A ‘perfect storm’ of data security threats is looming at the same time that organizations complain they are woefully understaffed with cybersecurity professionals.

Two recent studies paint an alarming view of the state of data security. The CyberSeek report from CompTIA, which tracks supply and demand in the cybersecurity space, says cybersecurity jobs must double in order to meet current demand. Meanwhile, the 2017 RedSeal Resilience Report says a majority of organizations lack the tools and resources they need to protect their data assets.

The data threat landscape is evolving much faster than security teams can respond, according to the RedSeal report. Some 79 percent of respondents said they can’t access insights that help to prioritize their response to a data security incident, while 55 percent said they can’t react quickly enough to limit damage in the event of a major security incident.

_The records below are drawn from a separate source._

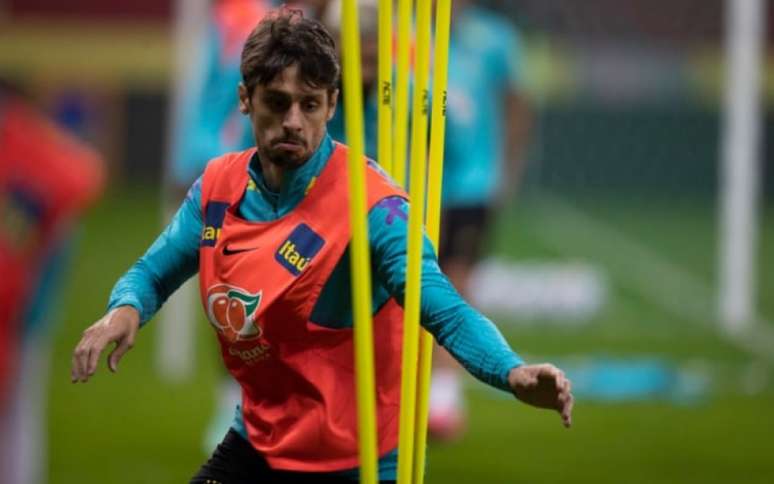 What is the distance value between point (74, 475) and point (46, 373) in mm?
2505

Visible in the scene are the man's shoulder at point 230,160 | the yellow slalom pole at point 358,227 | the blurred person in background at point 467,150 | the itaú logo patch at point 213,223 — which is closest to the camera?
the yellow slalom pole at point 358,227

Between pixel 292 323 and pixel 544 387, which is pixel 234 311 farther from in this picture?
pixel 544 387

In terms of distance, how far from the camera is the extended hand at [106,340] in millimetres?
3748

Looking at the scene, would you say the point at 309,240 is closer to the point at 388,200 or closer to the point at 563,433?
the point at 388,200

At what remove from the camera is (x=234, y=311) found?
157 inches

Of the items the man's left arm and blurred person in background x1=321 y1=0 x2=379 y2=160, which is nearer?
the man's left arm

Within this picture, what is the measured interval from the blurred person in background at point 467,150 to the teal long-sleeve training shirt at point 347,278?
13.0 feet

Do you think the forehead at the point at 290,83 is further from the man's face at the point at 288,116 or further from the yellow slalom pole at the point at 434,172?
the yellow slalom pole at the point at 434,172

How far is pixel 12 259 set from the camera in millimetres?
5043

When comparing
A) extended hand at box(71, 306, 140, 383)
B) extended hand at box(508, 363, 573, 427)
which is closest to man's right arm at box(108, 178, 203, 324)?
extended hand at box(71, 306, 140, 383)

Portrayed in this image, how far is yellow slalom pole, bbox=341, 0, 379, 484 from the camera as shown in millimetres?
3564

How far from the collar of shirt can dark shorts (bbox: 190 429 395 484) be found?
1.89 ft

Most alarming, only 20 percent of organizations said they are extremely confident that they can continue running as usual after discovering a cyberattack or data breach.

Contributing to the data security problem overall is a lack of preparedness at many organizations, the study found. A majority (55 percent) of organizations said they do not test their data security strategies frequently enough. The most common reasons cited were that security defense strategies are too resource intensive (cited by 29 percent), takes too much time (cited by 29 percent) or is outside the budget (cited by 27 percent).

“On average, it has been nine months since organizations created a complete blueprint, model or map of their entire network,” the study said. “This means pathways through their constantly changing network – and access to their most valuable assets – are neither confirmed to be secure nor clearly known at all.”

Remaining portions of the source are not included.